## YOUR ASSIGNMENT
What's wanted is each entry repeated verbatim, minus its images.

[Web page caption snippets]
■ ■ ■

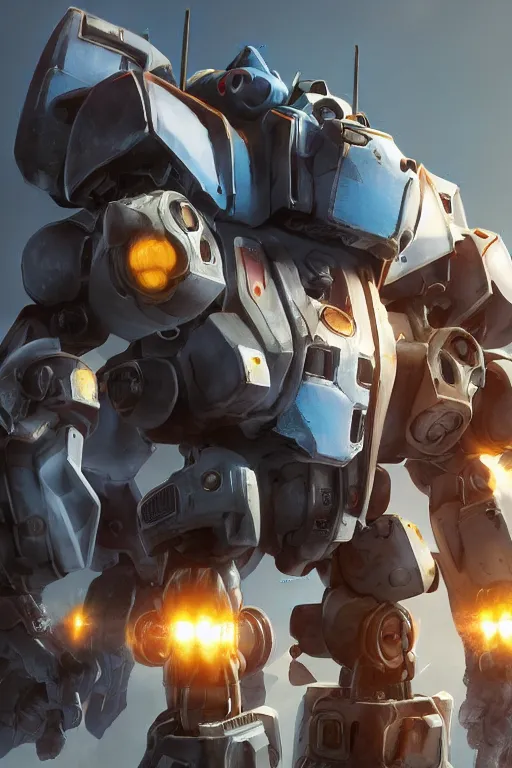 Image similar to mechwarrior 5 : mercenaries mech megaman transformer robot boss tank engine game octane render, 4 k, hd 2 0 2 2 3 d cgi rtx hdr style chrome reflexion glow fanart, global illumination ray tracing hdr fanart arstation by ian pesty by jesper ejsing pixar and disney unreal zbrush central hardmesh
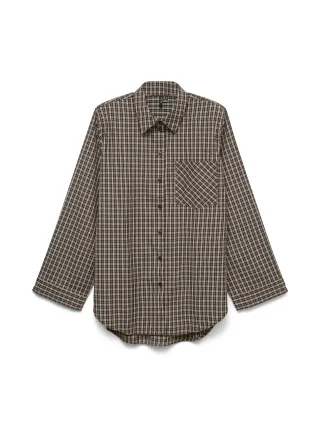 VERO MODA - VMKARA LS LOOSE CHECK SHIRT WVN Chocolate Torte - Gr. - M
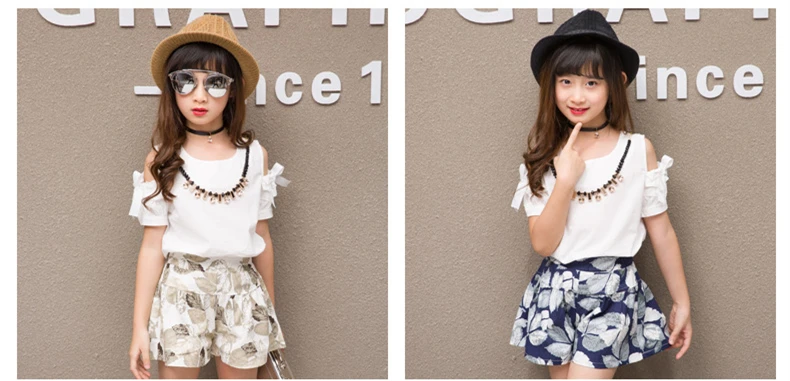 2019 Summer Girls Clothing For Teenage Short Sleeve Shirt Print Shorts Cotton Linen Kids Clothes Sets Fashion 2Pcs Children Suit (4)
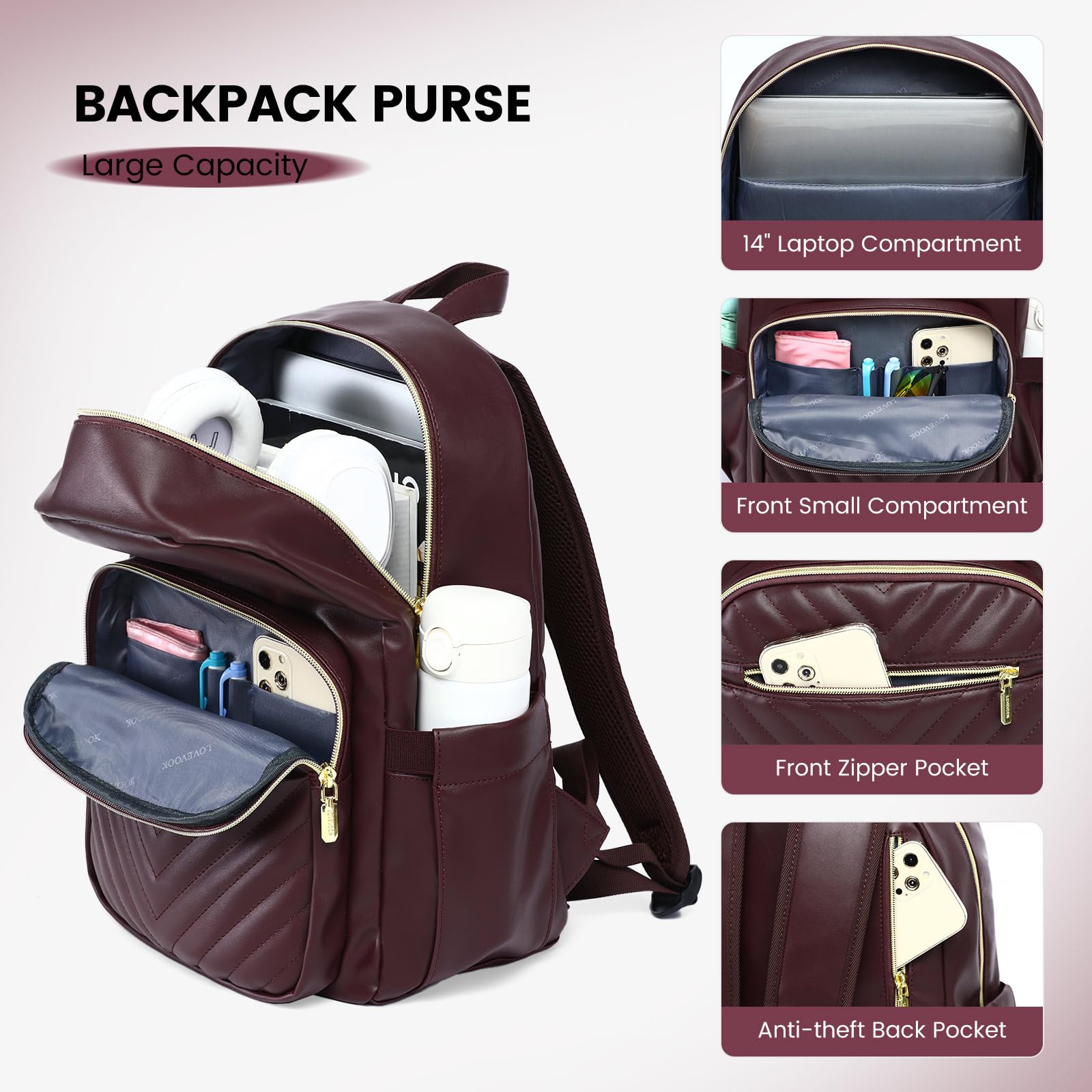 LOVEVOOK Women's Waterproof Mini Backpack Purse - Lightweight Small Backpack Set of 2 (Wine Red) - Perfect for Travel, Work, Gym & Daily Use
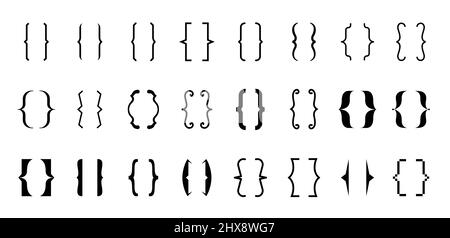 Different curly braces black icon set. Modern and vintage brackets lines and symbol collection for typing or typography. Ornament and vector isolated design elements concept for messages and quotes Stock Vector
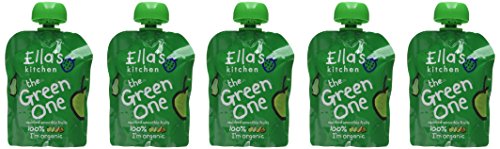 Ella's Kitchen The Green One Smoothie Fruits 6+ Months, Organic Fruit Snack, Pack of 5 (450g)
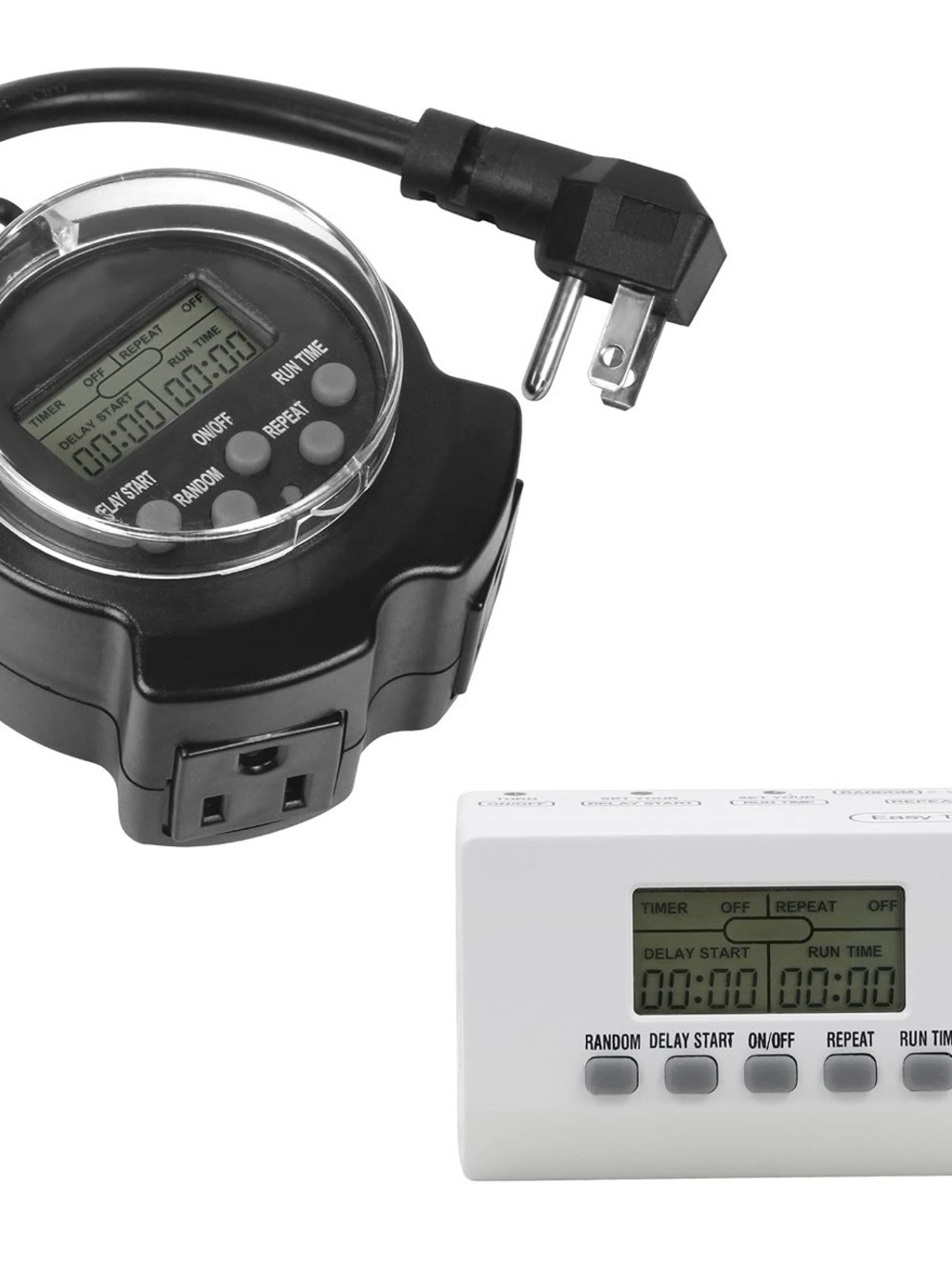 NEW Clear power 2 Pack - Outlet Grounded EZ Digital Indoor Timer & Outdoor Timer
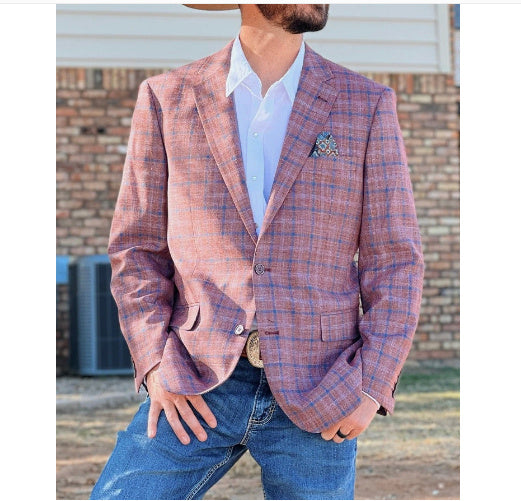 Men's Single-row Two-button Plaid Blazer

■ ■ ■

## OUTPUT
 Image similar to mechwarrior 5 : mercenaries mech megaman transformer robot boss tank engine game octane render, 4 k, hd 2 0 2 2 3 d cgi rtx hdr style chrome reflexion glow fanart, global illumination ray tracing hdr fanart arstation by ian pesty by jesper ejsing pixar and disney unreal zbrush central hardmesh
 VERO MODA - VMKARA LS LOOSE CHECK SHIRT WVN Chocolate Torte - Gr. - M
 2019 Summer Girls Clothing For Teenage Short Sleeve Shirt Print Shorts Cotton Linen Kids Clothes Sets Fashion 2Pcs Children Suit (4)
 LOVEVOOK Women's Waterproof Mini Backpack Purse - Lightweight Small Backpack Set of 2 (Wine Red) - Perfect for Travel, Work, Gym & Daily Use
 Different curly braces black icon set. Modern and vintage brackets lines and symbol collection for typing or typography. Ornament and vector isolated design elements concept for messages and quotes Stock Vector
 Ella's Kitchen The Green One Smoothie Fruits 6+ Months, Organic Fruit Snack, Pack of 5 (450g)
 NEW Clear power 2 Pack - Outlet Grounded EZ Digital Indoor Timer & Outdoor Timer
 Men's Single-row Two-button Plaid Blazer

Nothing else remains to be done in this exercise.